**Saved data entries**
---*---

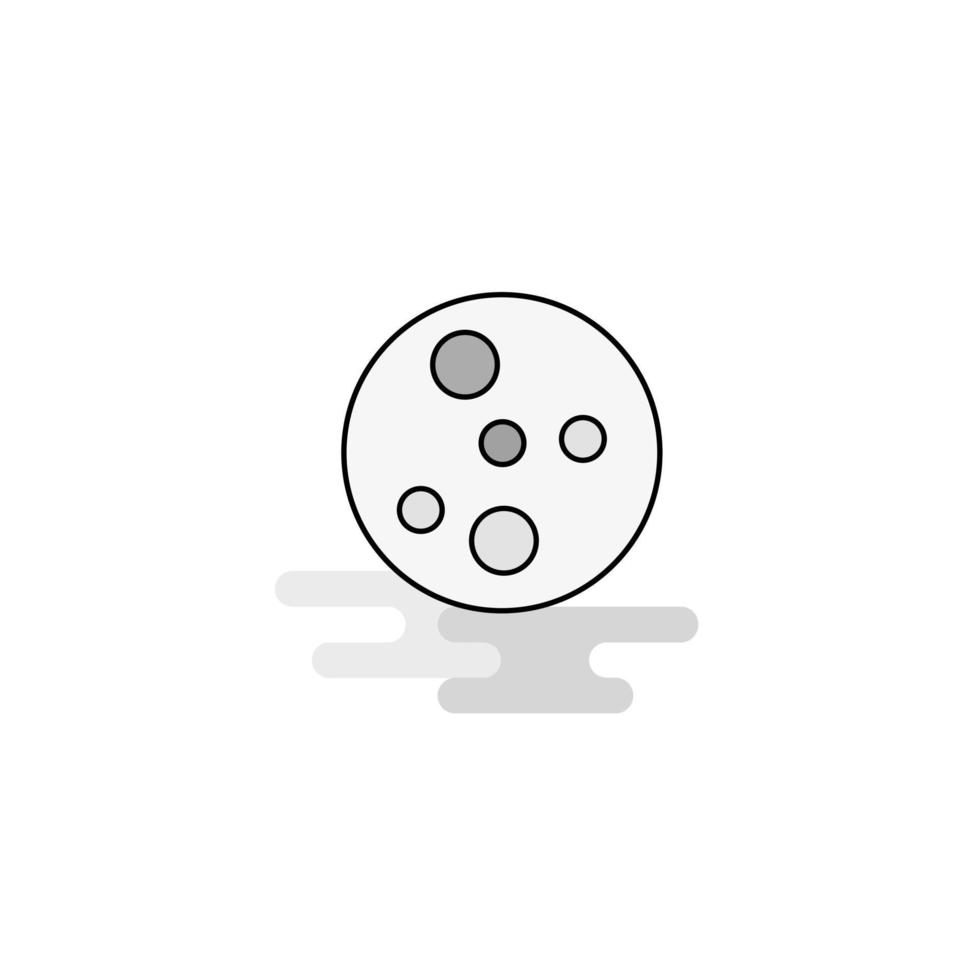 Bacteria plate Web Icon Flat Line Filled Gray Icon Vector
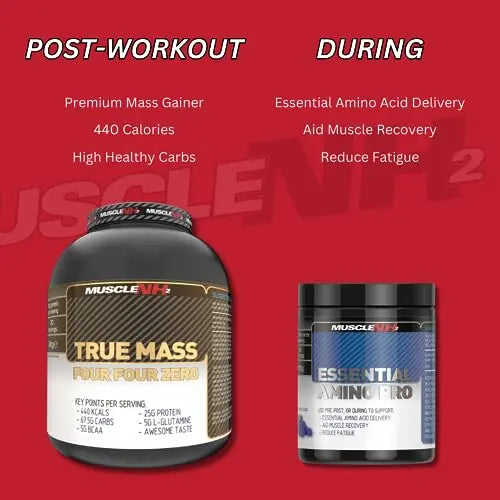 MuscleNh2 True Mass Four Four Zero Mass Gainer Protein Powder, High Calories and Protein MuscleNh2 Au supplements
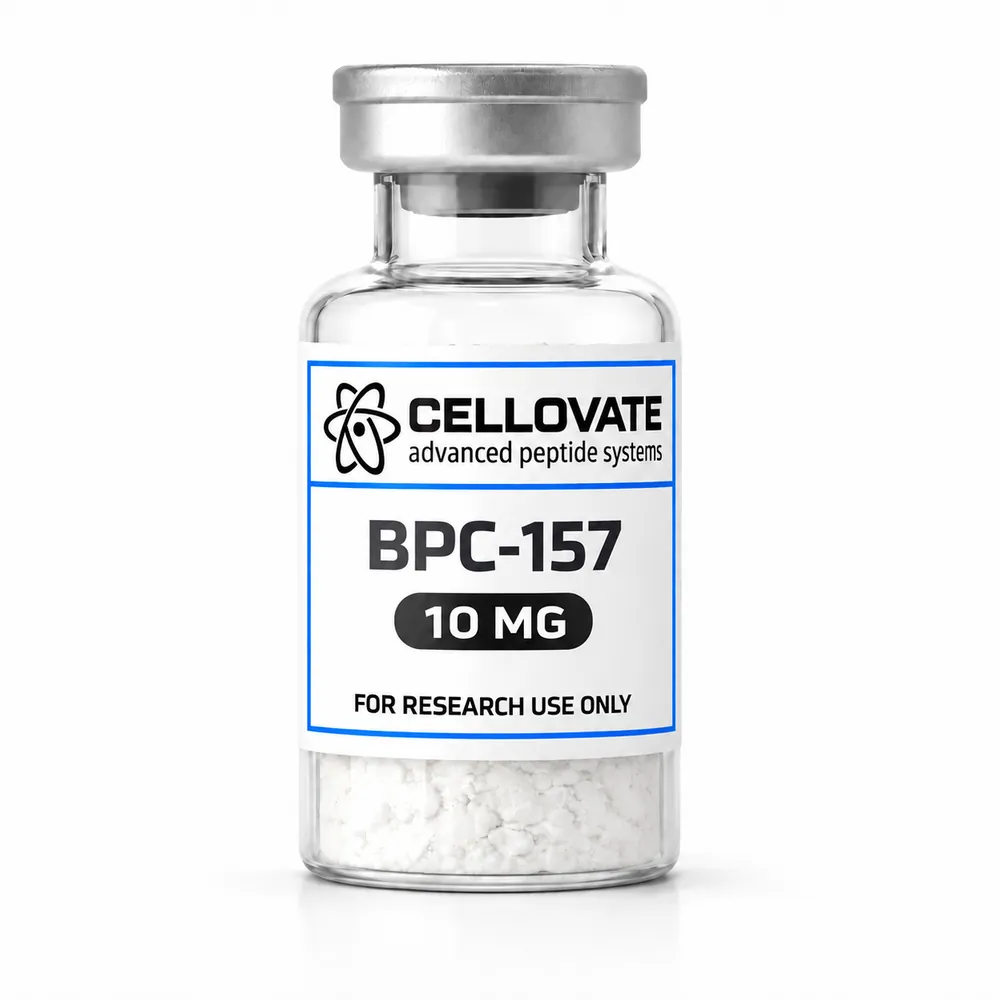 BPC-157 10mg vial — Cellovate research peptide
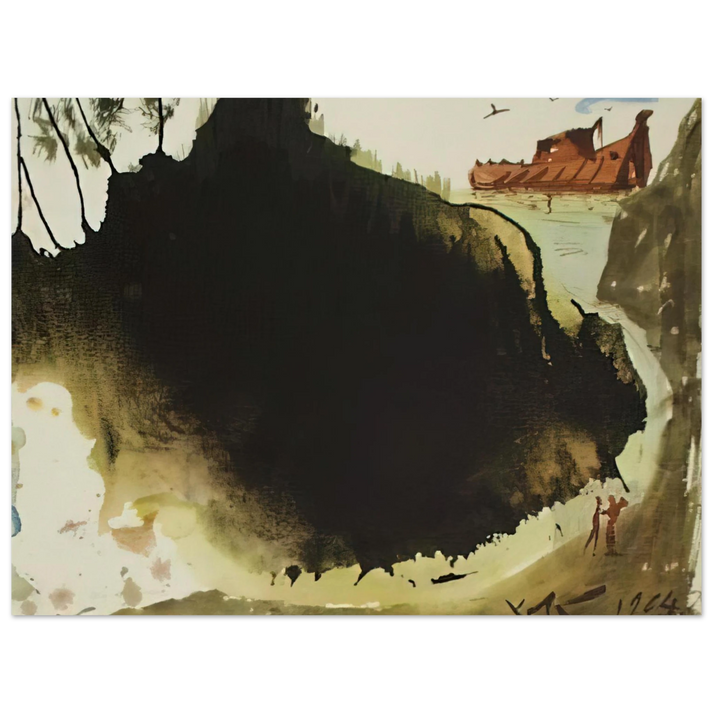 Salvador Dali - AQUAE DILUVII SUPER TERRAM GENESIS 6 17 1967 75x100 cm / 30x40inches Fine Art Poster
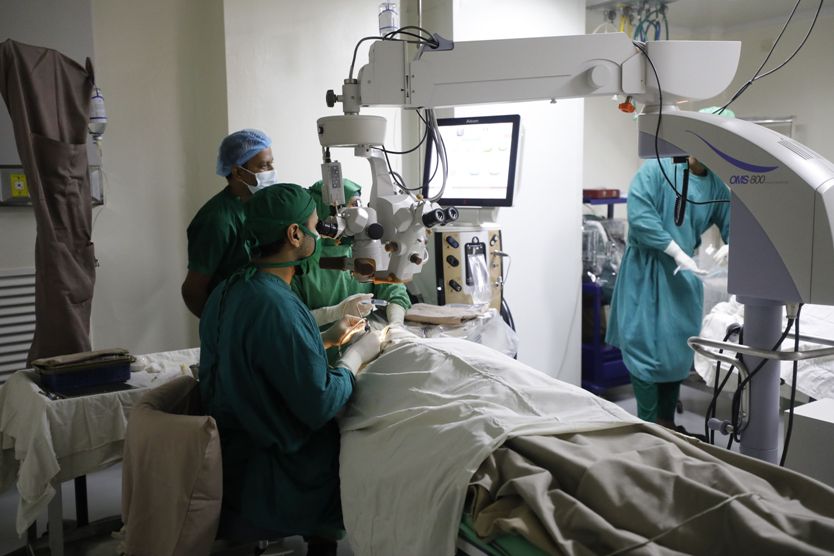 Bashundhara Eye Hospital: 16 cataract patients undergo free surgery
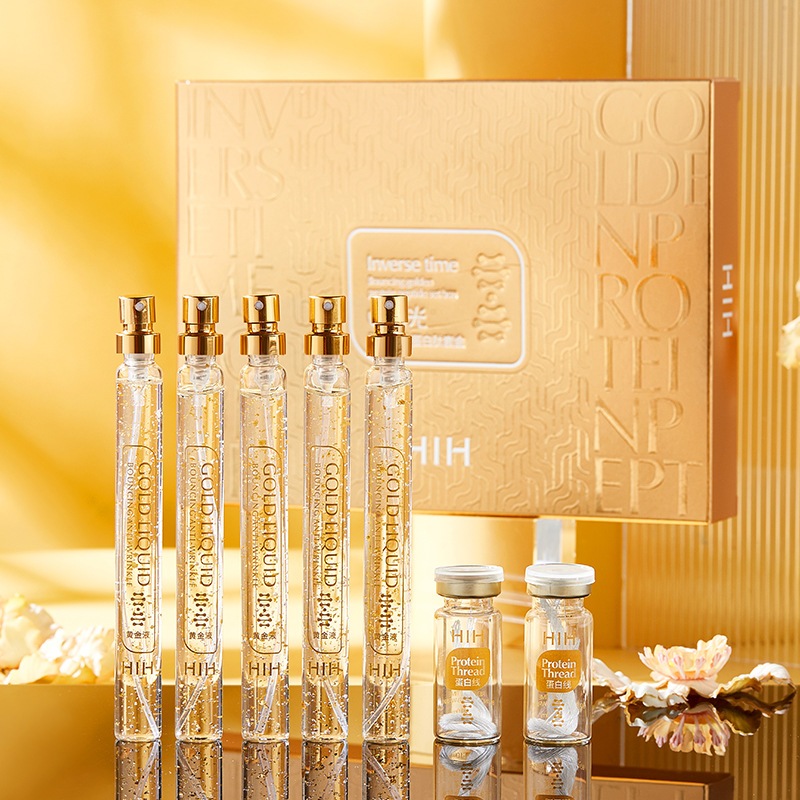 BTY024 - HIH Set Benang Putih Protein Collagen Line Gold Kolagen Emas Anti Keriput Pengencang Wajah 
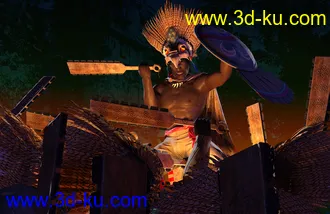 3D打印模型dForce Aztec Eagle Warrior Outfit for Genesis 8 Male(s)的图片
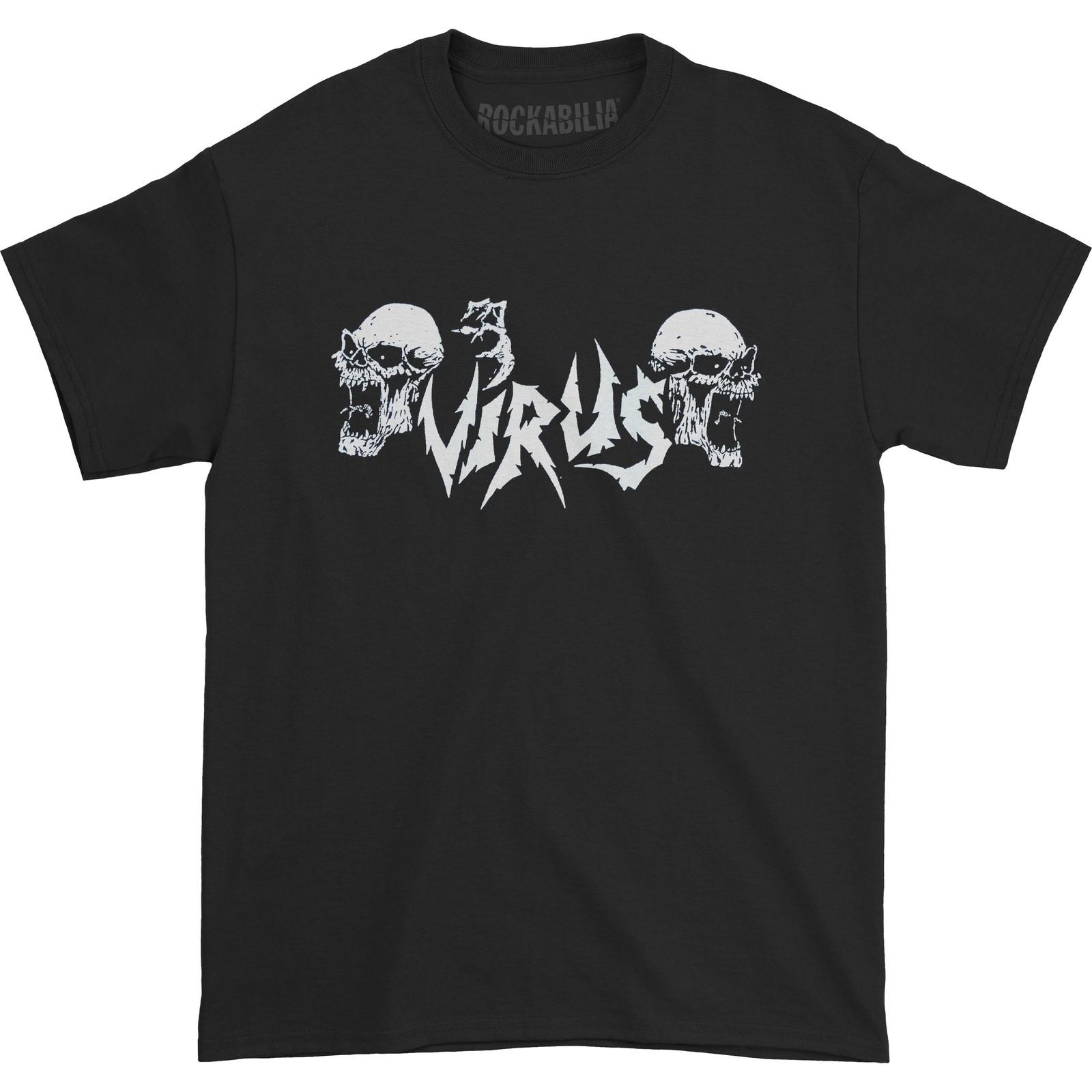 Men s Virus Logo T-shirt Small Black L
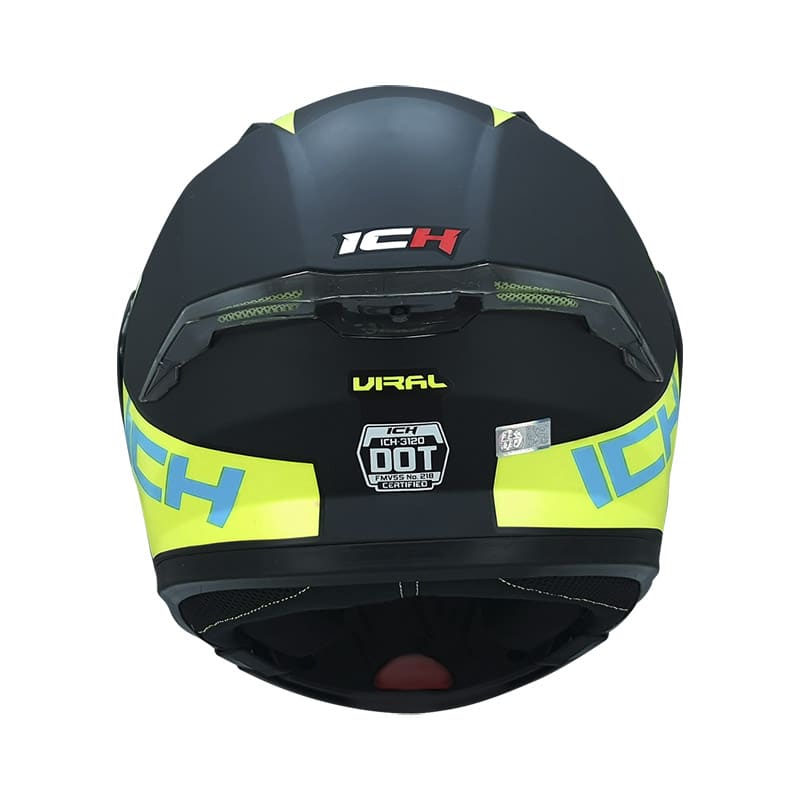 CASCO ICH ICH-3120DV VIRAL MATE NEGRO AMARILLO NEON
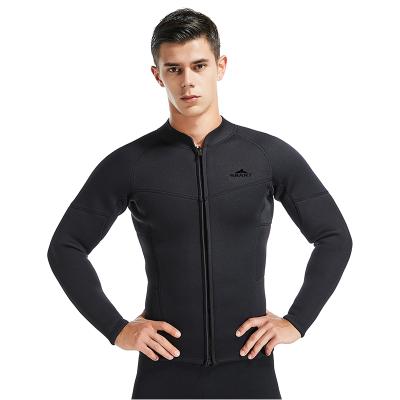 China 3MM Neoprene Diving Suit Antibacterial Wetsuit Jacket Surfing Wetsuit Top For Men for sale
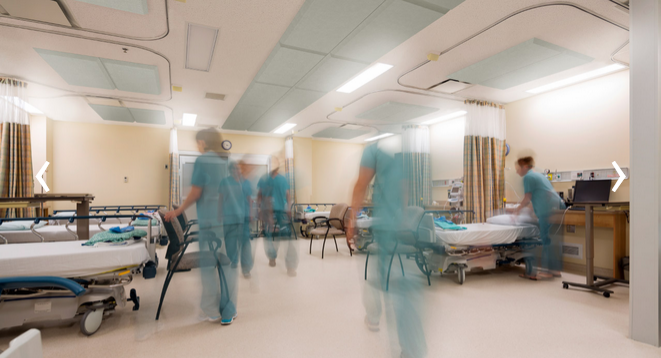 Thumbnail: healthcare noise reduction, how to reduce noise levels in hospitals, effects of noise on patients in hospitals,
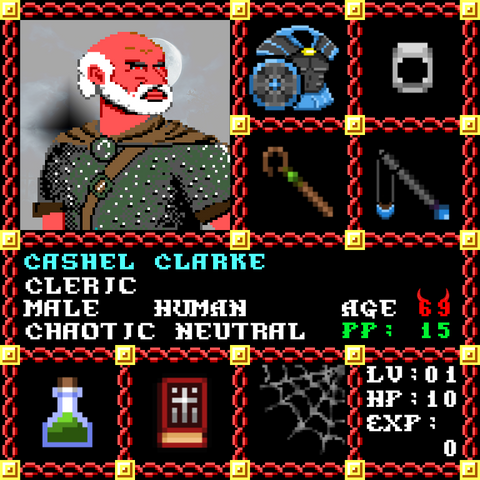 Cashel Clarke is a Players Guild Genesis Series Adventurer #0836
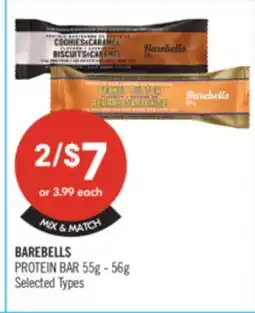 Shoppers Drug Mart BAREBELLS PROTEIN BAR offer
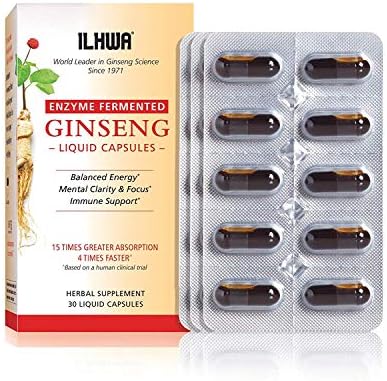 Enzyme Fermented Ginseng, 30 liquid capsules
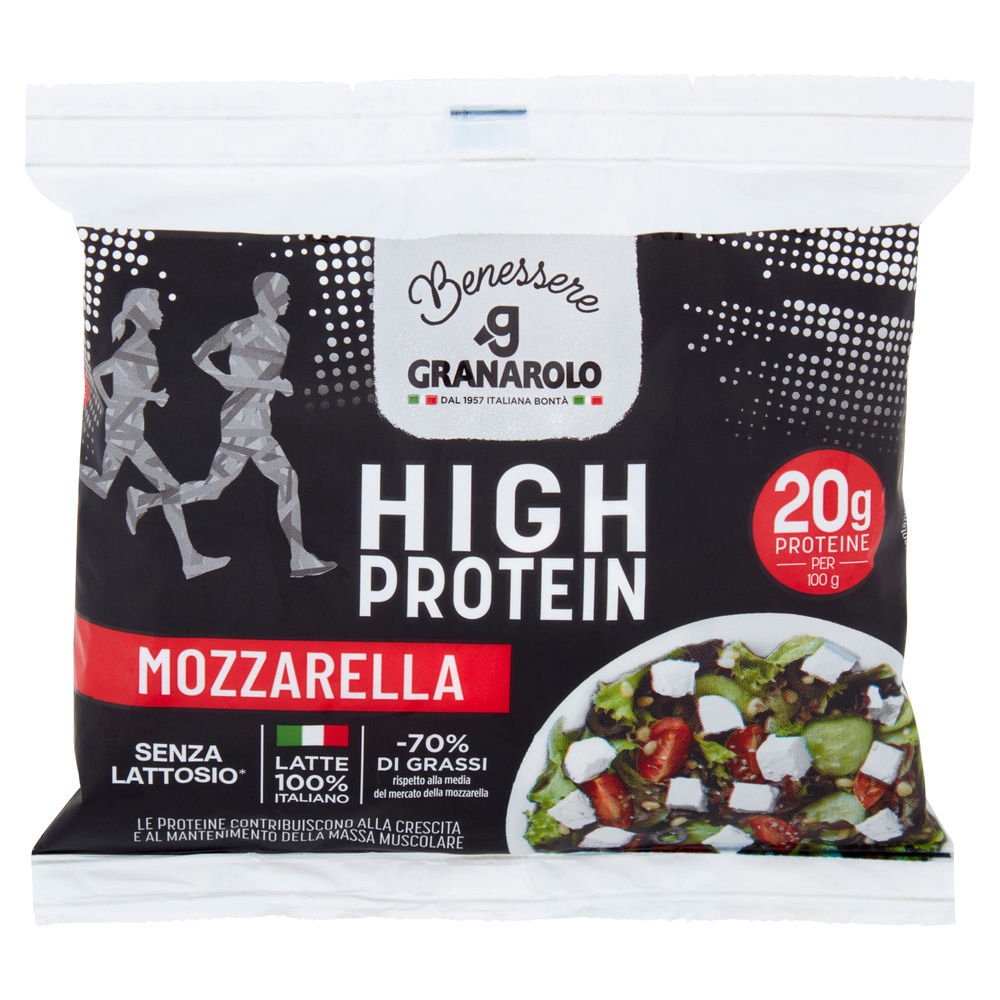 MOZZARELLA PROTEINE BENESSERE GRANAROLO G 200 SGOCCIOLATO G 100 - 2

---*---

**Assignment**
Your copy must hold every record above in its exact wording and must hold no pictures.

**Answer box**
 Bacteria plate Web Icon Flat Line Filled Gray Icon Vector
 MuscleNh2 True Mass Four Four Zero Mass Gainer Protein Powder, High Calories and Protein MuscleNh2 Au supplements
 BPC-157 10mg vial — Cellovate research peptide
 Salvador Dali - AQUAE DILUVII SUPER TERRAM GENESIS 6 17 1967 75x100 cm / 30x40inches Fine Art Poster
 Bashundhara Eye Hospital: 16 cataract patients undergo free surgery
 BTY024 - HIH Set Benang Putih Protein Collagen Line Gold Kolagen Emas Anti Keriput Pengencang Wajah 
 3D打印模型dForce Aztec Eagle Warrior Outfit for Genesis 8 Male(s)的图片
 Men s Virus Logo T-shirt Small Black L
 CASCO ICH ICH-3120DV VIRAL MATE NEGRO AMARILLO NEON
 China 3MM Neoprene Diving Suit Antibacterial Wetsuit Jacket Surfing Wetsuit Top For Men for sale
 Thumbnail: healthcare noise reduction, how to reduce noise levels in hospitals, effects of noise on patients in hospitals,
 Cashel Clarke is a Players Guild Genesis Series Adventurer #0836
 Shoppers Drug Mart BAREBELLS PROTEIN BAR offer
 Enzyme Fermented Ginseng, 30 liquid capsules
 MOZZARELLA PROTEINE BENESSERE GRANAROLO G 200 SGOCCIOLATO G 100 - 2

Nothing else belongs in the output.